# BBC News Classification Project

There exists a large amount of information being stored in the electronic format. With such data it has
become a necessity of such means that could interpret and analyse such data and extract such facts that could
help in decision-making.<br>
News is easily accessible via content providers such as online news services. A huge amount of information exists in form of text in various diverse areas whose analysis can be beneficial in several areas. Classification is quite a challenging field in text mining as it requires prepossessing steps to convert unstructured data to structured information. With the increase in the number of news it has got difficult for users to access news of his interest which makes it a necessity to categories news so that it could be easily accessed. Categorization refers to grouping that allows easier navigation among articles.

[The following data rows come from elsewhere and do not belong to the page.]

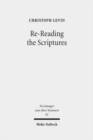 Re-Reading the Scriptures : Essays on the Literary History of the Old Testament - Book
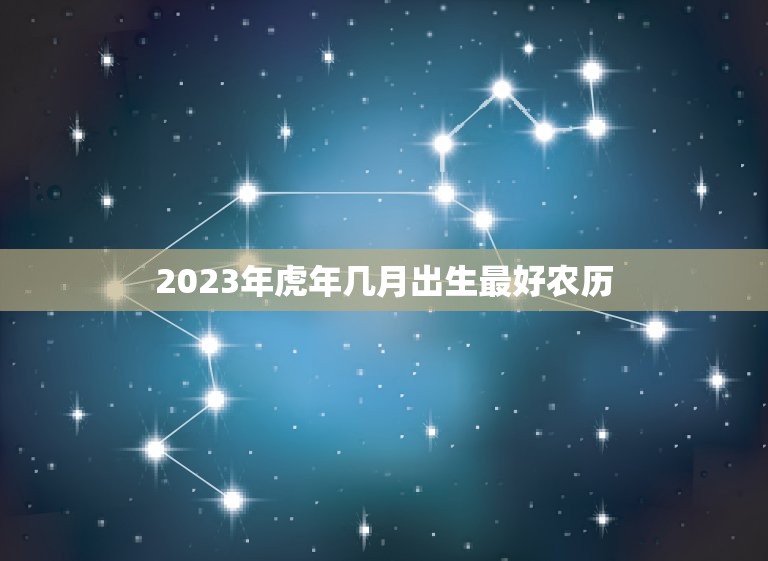 2023年虎年几月出生最好农历，属虎的2023年几月出生最好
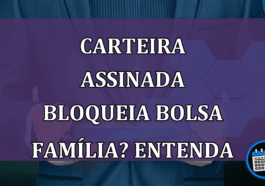 Carteira assinada bloqueia Bolsa Família? Entenda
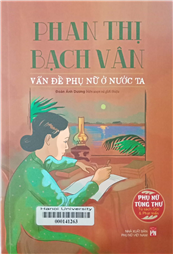 Phan Thị Bạch Vân - Vấn đề phụ nữ ở nước ta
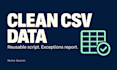 clean messy CSV data and deliver a reusable python script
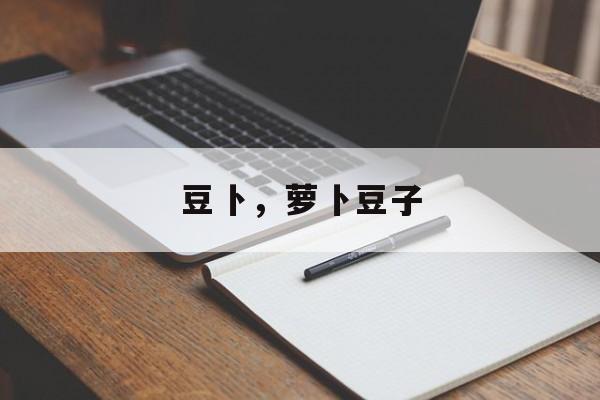 豆卜，萝卜豆子-第1张图片-
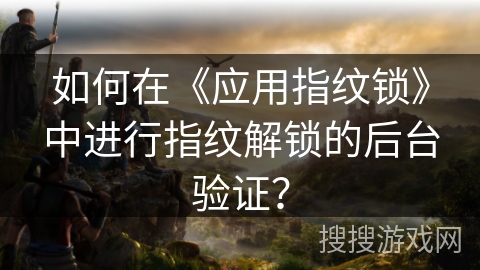 如何在《应用指纹锁》中进行指纹解锁的后台验证？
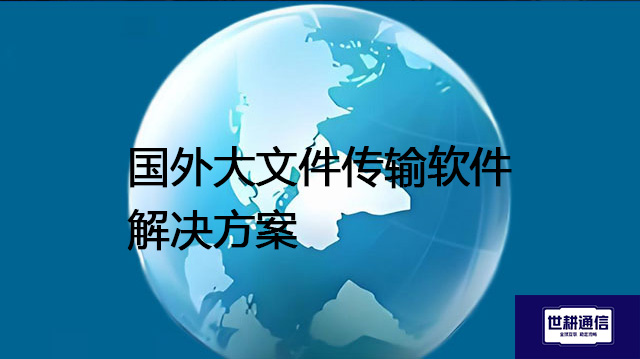 ​国外大文件传输软件？？？？解决方案//世耕通信全球办公专网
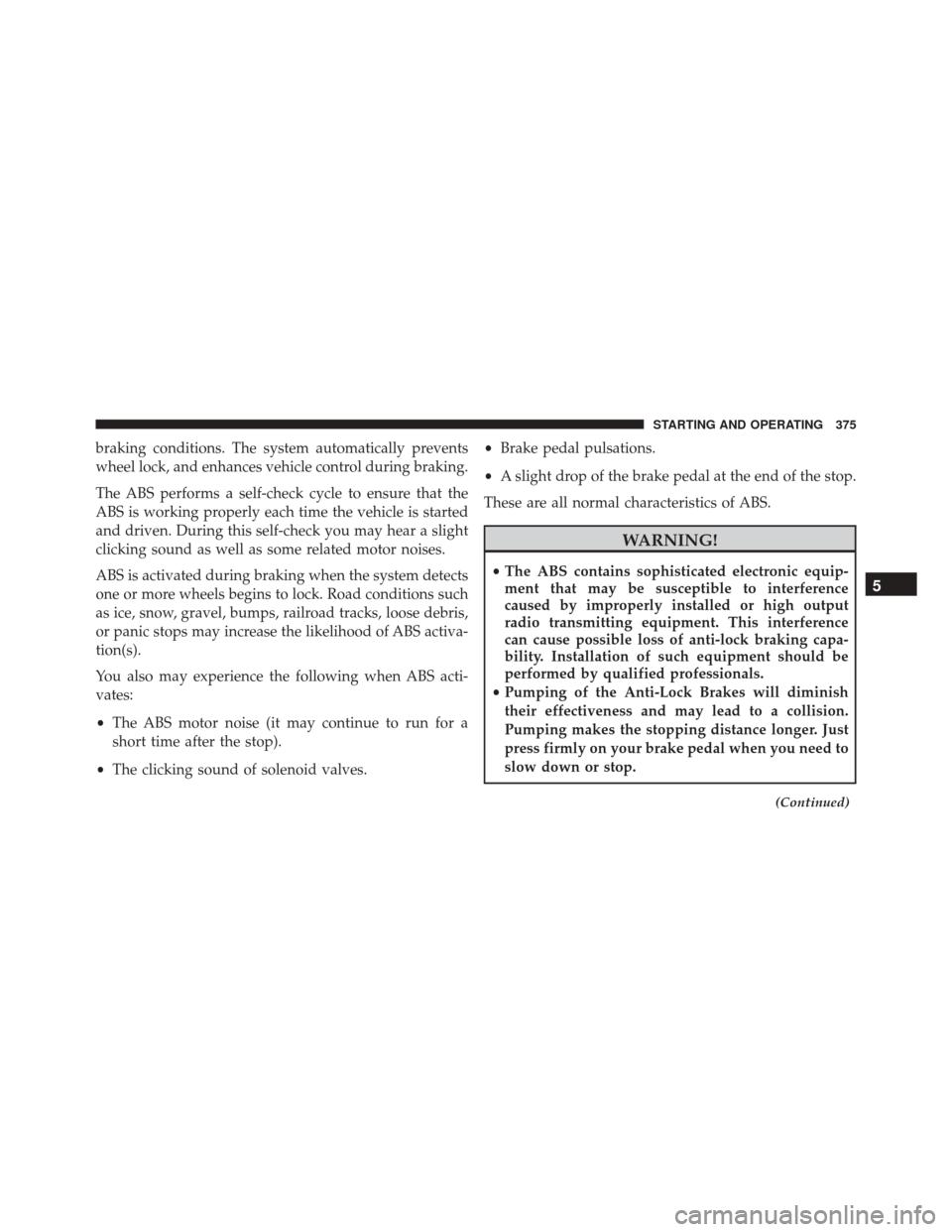 JEEP PATRIOT 2016 1.G Owners Manual braking conditions. The system automatically prevents
wheel lock, and enhances vehicle control during braking.
The ABS performs a self-check cycle to ensure that the
ABS is working properly each time 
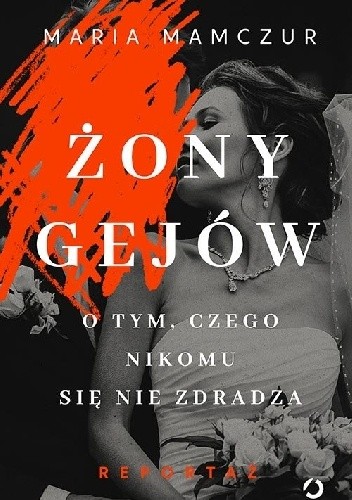 Żony gejów. O tym, czego nikomu się nie zdradza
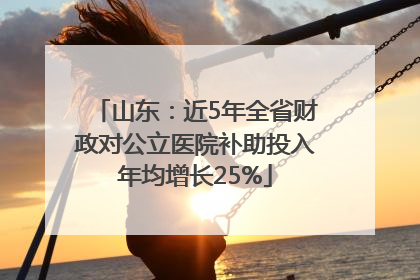 山东：近5年全省财政对公立医院补助投入年均增长25%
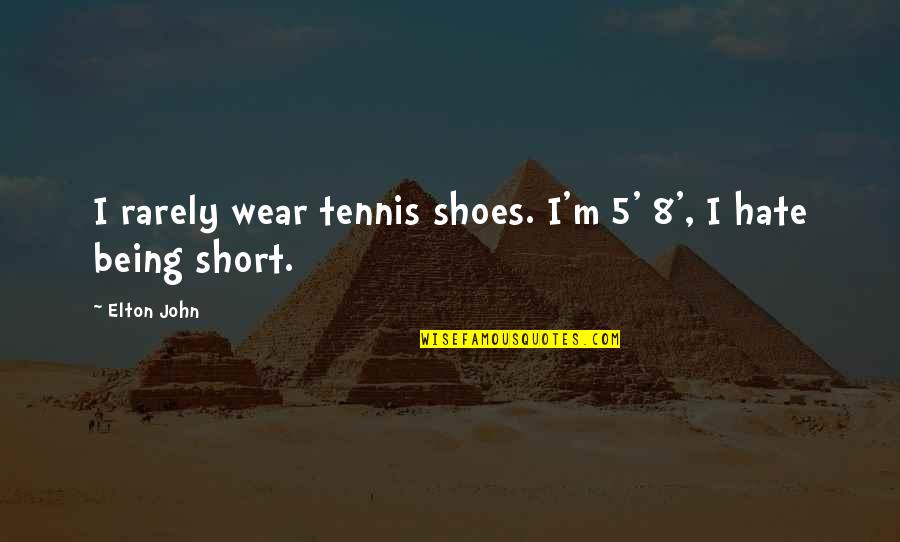 John 5 Quotes By Elton John: I rarely wear tennis shoes. I'm 5' 8',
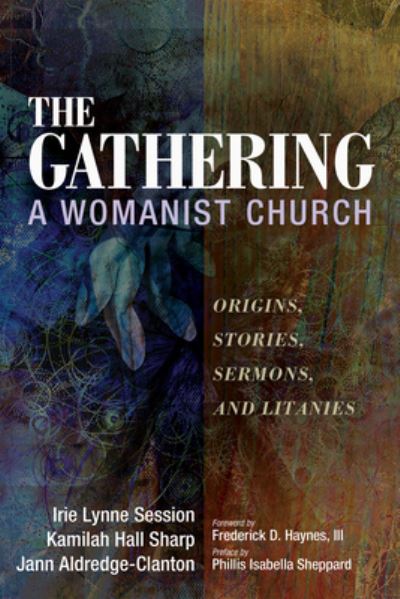 Cover for Irie Lynne Session · The Gathering, a Womanist Church: Origins, Stories, Sermons, and Litanies (Hardcover Book) (2020)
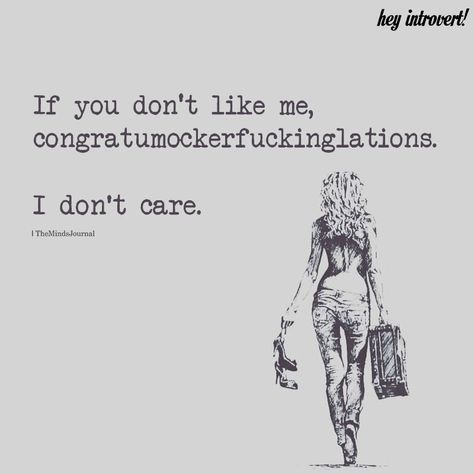 If You Don't Like Me - https://themindsjournal.com/if-you-dont-like-me/ Humour, Dont Like Me Quotes, Quotes Sassy, Like You Quotes, Dont Care, I Dont Like You, Don't Like Me, Me Quotes Funny, Sassy Quotes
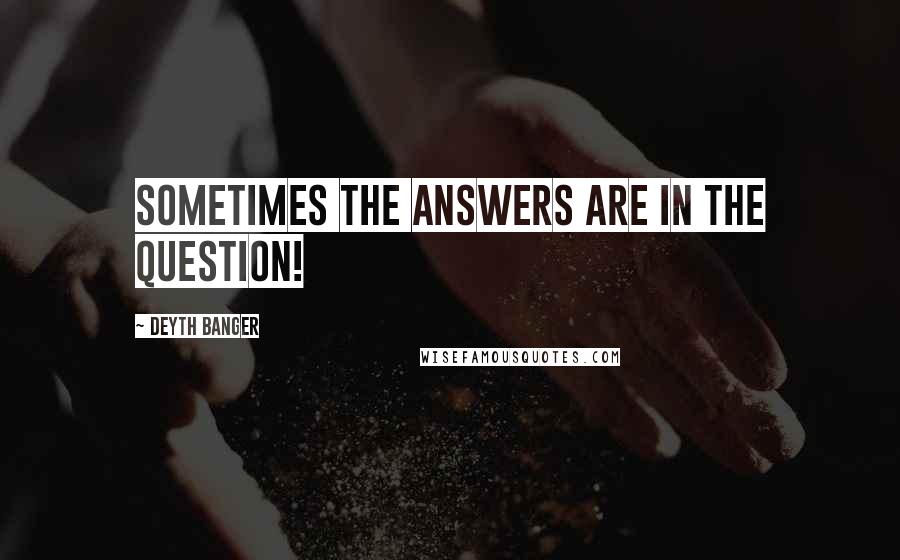 Deyth Banger Quotes: Sometimes the answers are in the question!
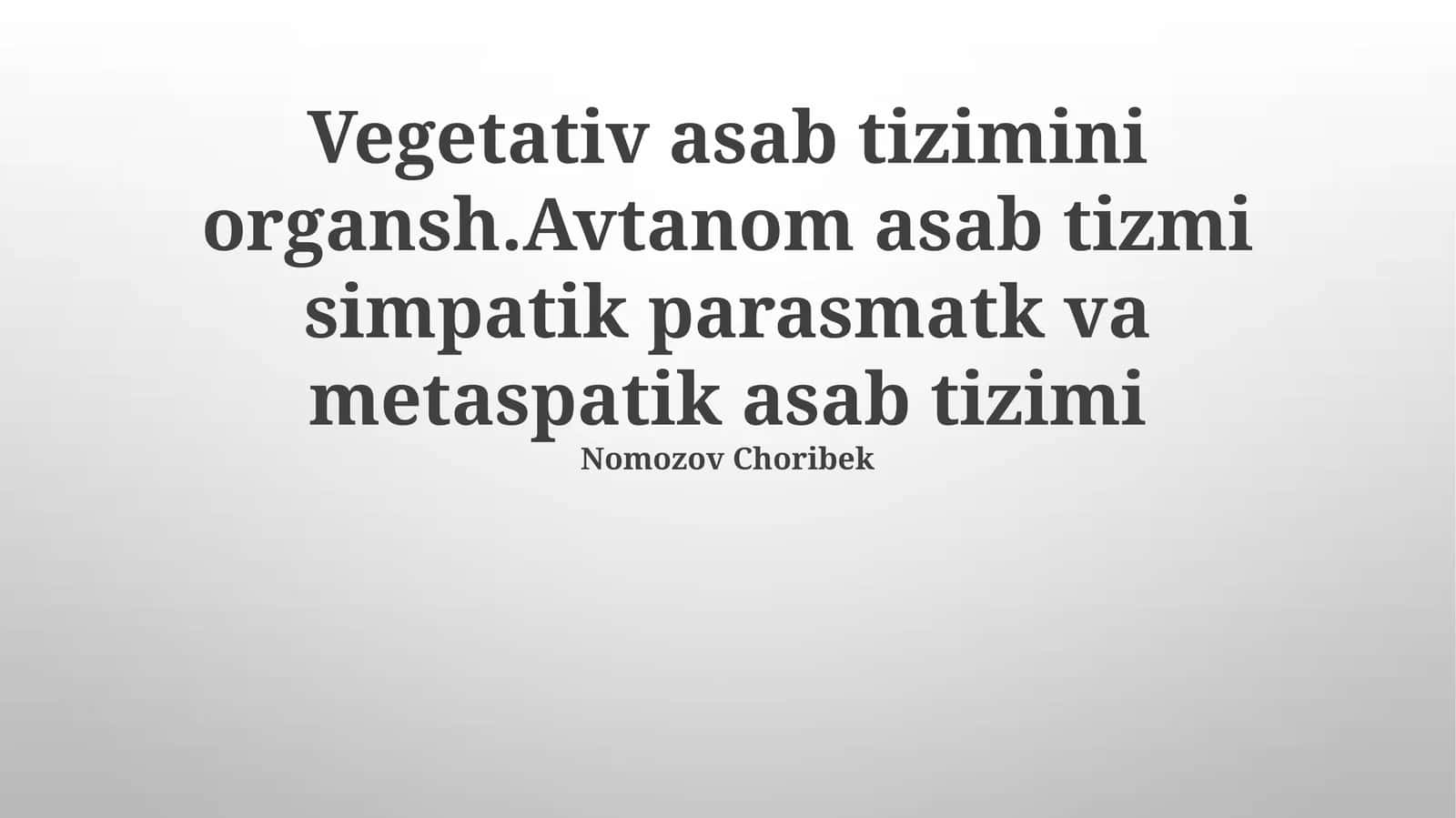 Vegetativ Nerv Sistemining Umumiy Tavsifi 1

Internet news needs to be divided into categories

### The Dataset
Text documents are one of the richest sources of data for businesses.

We’ll use a public dataset from the BBC comprised of 2225 articles, each labeled under one of 5 categories: business, entertainment, politics, sport or tech.

The dataset is broken into 1490 records for training and 735 for testing. The goal will be to build a system that can accurately classify previously unseen news articles into the right category.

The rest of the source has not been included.